Of course, Vogue wouldn’t have 500-year-old salvaged timber as wall decor. Nor would it have lighting that consumes just less than half a watt per square foot. And it would most definitely not have, on an otherwise bare wall behind a cubicle pod in the middle of the office, a soy-inked outline of an oak tree made up entirely of inspirational quotes. (One leaf, falling from a branch, reads: “‘To move the world, we must first move ourselves’ —Socrates.”) The space, for all its studied sleekness, retains plenty of the USGBC’s cheery, green soul.

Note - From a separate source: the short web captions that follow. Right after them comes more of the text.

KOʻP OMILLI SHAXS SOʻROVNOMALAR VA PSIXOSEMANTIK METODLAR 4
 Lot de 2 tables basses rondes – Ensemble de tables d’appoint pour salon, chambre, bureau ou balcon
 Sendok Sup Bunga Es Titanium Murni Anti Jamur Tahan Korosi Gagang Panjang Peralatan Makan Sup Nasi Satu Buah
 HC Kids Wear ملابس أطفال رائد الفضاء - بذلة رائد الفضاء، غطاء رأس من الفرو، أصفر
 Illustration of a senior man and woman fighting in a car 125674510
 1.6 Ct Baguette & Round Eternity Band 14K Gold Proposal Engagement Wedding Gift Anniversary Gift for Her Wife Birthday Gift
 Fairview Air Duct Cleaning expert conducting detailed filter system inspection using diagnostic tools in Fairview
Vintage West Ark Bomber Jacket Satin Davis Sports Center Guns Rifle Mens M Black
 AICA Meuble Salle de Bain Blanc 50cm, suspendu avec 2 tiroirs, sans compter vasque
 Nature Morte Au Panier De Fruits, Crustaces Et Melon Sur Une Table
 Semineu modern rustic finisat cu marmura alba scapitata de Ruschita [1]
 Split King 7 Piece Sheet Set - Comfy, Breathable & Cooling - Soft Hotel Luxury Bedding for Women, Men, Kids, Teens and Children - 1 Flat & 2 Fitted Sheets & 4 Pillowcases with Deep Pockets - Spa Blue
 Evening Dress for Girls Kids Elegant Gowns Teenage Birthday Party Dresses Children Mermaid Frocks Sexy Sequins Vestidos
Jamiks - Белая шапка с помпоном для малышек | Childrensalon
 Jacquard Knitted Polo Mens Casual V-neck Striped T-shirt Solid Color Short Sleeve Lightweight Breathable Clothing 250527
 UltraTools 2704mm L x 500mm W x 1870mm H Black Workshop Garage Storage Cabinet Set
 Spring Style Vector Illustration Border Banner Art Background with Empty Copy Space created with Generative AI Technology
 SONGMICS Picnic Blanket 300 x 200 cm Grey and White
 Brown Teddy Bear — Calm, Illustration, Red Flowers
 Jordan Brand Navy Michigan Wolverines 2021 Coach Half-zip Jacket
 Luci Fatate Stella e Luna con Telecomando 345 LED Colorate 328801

It’s a $9 million aesthetic, and it tells you everything you need to know about where the green-building movement is today and where it’s headed. Since its inception 16 years ago, the USGBC has become, rather sweepingly, the preeminent dispenser of sustainable-design mores; its chief commodity, the Leadership in Energy and Environmental Design (LEED) building-certification program, is the “benchmark of green,” as Bill Walsh, executive director of the Healthy Building Network, says. Dicey times have forced some nonprofits to downsize, others to shutter altogether, but the council is expanding at such a clip that it out-grew its old 25,000-square-foot office two and a half years after the paint had dried. The new headquarters, housed in an undistinguished 1975 office building on L Street, ushers in a fresh era of discretionary architecture, in which renovated commercial interiors supplant from-the-ground-up construction—the ultimate act of recycling. More important, the project is the first slated for LEED Platinum certification under the USGBC’s strict new rating system, despite being three times larger—and decidedly slicker—than its predecessor. It’s a testament to the organization’s fortitude and the resonance of its mission. If LEED is indeed the benchmark of green, and surely it is, then the council’s tailored digs signal a shift in green building itself.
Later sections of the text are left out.